Au XVIIIe siècle, l’économie du Pays de Vaud est principalement tournée vers l’agriculture. Dans ce territoire sujet de la République de Berne, le commerce et l’industrie demeurent peu développés, tant pour des raisons géographiques et climatiques, qu’à cause de la volonté du souverain bernois. Toutefois, le modeste essor de l’artisanat, circonscrit à certains centres urbains et à des industries spécifiques, engendre la naissance d’une société de consommation, et des produits considérés comme luxueux commencent à circuler dans le marché local.
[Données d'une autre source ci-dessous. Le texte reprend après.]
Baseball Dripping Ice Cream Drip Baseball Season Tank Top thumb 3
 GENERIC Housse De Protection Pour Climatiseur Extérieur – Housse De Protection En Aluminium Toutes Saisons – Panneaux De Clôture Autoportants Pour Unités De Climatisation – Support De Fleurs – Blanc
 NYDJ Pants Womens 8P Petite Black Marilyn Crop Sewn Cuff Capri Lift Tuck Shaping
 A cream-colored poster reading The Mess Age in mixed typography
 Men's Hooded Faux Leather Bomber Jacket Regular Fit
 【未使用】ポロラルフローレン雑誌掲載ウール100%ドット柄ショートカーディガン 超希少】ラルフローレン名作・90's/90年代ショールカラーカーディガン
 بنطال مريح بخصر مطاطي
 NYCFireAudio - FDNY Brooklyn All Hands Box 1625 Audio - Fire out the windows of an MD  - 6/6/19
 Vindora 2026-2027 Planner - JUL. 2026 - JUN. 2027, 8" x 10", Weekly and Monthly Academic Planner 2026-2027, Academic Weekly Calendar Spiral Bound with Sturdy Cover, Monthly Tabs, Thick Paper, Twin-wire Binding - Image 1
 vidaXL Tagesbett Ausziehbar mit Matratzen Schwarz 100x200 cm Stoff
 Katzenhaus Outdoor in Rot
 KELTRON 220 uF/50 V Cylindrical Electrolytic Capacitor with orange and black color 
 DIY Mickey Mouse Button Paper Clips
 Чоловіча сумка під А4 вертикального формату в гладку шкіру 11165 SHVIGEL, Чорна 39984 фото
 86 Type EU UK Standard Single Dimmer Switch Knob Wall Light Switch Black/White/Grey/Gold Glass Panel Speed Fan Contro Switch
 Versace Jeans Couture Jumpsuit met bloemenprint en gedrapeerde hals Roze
Les réformateurs vaudois du dernier tiers du siècle, préoccupés par les problèmes sociaux – réels ou perçus comme tels – engendrés par la situation économique de leur région, s’interrogent sur la manière d’assurer le bonheur de leurs concitoyens à long terme. En particulier, ils pèsent les bienfaits d’une modernisation et d’une diversification de l’économie et s’inquiètent de ce qu’ils perçoivent comme une avancée du luxe. Quelles sont donc les principales interrogations suscitées par le contexte économique vaudois du dernier tiers du siècle, et quelles réponses y sont apportées ? De quelle manière la question du luxe est abordée par les réformateurs vaudois ? Et plus généralement, quel lien y a-t-il entre le contexte économique et politique d’un territoire sujet d’une république agraire et les arguments soulevés pour ou contre le luxe ? La confrontation des discussions qui se développent autour de ces thèmes au sein de la Société littéraire de Lausanne au début des années 1780 avec les prises de position d’autres réformateurs vaudois du dernier tiers du siècle permet de répondre à ces questions et enrichit ainsi notre compréhension du débat du XVIIIe siècle autour du luxe.